Introduction to HBase

Apache HBase is a non-relational distributed data store that is built on top of the HDFS and is also a part of the Hadoop ecosystem. Thus, HBase can leverage all the features that are offered by the HDFS and are available in the Hadoop ecosystem. HBase was released as an open-source implementation of Google’s Bigtable.

Google’s Bigtable is a high-performance data storage system that is built on top of the Google file system. It is a distributed storage system that is used to manage data and designed to scale to a very large size.

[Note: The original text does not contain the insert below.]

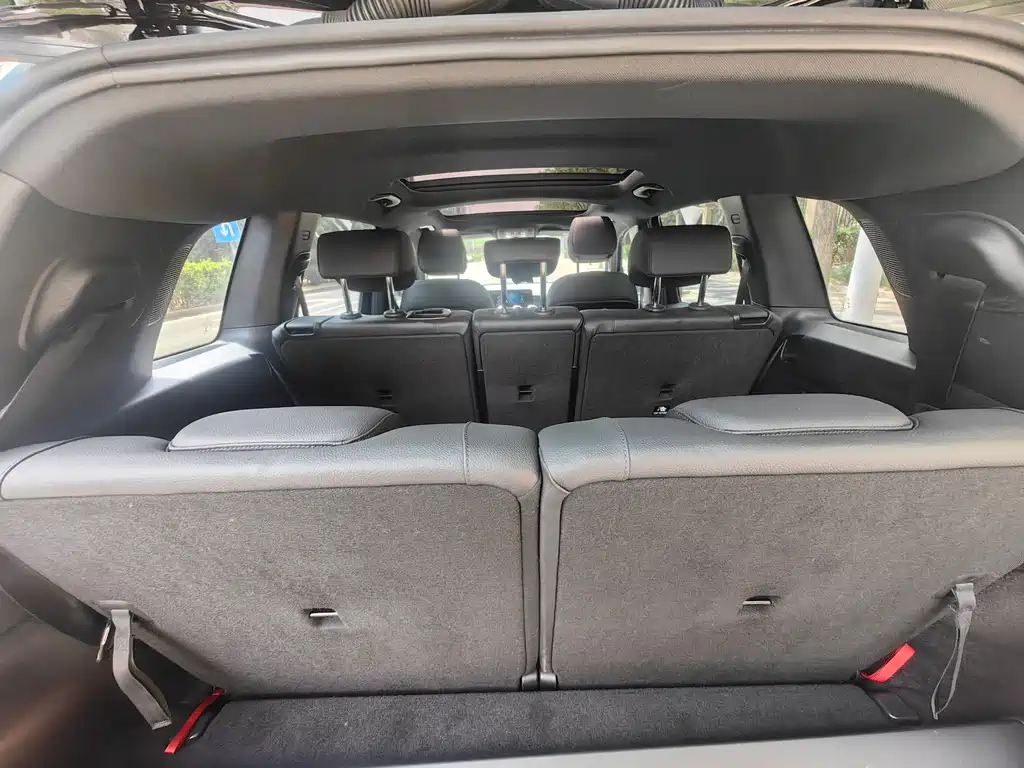 Mercedes-Benz GLB 200 Fashion Edition 2022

HBase has the following features:

  • Distributed storage: Apache HBase is a distributed, column-oriented database that is built on top of the HDFS. It allows data to be stored and processed in a distributed manner.
  • Flexible schema: HBase does not follow any strict schema, i.e., you can add any number of columns dynamically to an HBase table. HBase columns do not have any specific data type, and all the data in HBase is stored in the form of bytes.
  • Sorted: HBase records are sorted by RowKey. Every HBase RowKey must be unique, i.e., no two rows can have the same RowKey.
  • Data replication: It supports the replication of data across a cluster.
  • Faster lookups: HBase stores data in indexed HDFS files and uses HashMap internally. It also allows random access to the data. This enables faster lookup.
  • Horizontal scalability: HBase is horizontally scalable; this means that if the clusters require more resources, HBase can scale up according to the need. HBase can horizontally scale up to thousands of commodity servers.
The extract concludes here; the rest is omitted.